* **SOURCE INFORMATION**

--- START ---

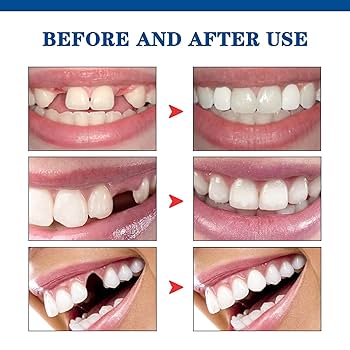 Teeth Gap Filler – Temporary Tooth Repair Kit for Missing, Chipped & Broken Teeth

--- END ---
--- START ---

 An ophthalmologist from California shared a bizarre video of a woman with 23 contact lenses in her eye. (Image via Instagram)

--- END ---
--- START ---

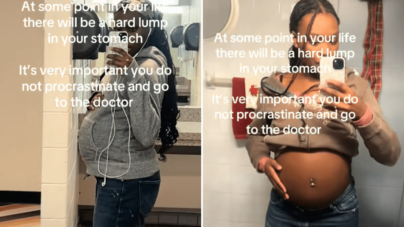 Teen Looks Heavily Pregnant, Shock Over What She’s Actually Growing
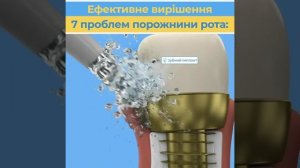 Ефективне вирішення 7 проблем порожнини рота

--- END ---

* **ASSIGNED TASK**
All that should appear in the answer is the lines above from the line with "Teen Looks Heavily" through the line with "Ефективне вирішення 7 проблем порожнини рота", retyped exactly, pictures left out.

* **RESPONSE AREA**
 Teen Looks Heavily Pregnant, Shock Over What She’s Actually Growing
 Ефективне вирішення 7 проблем порожнини рота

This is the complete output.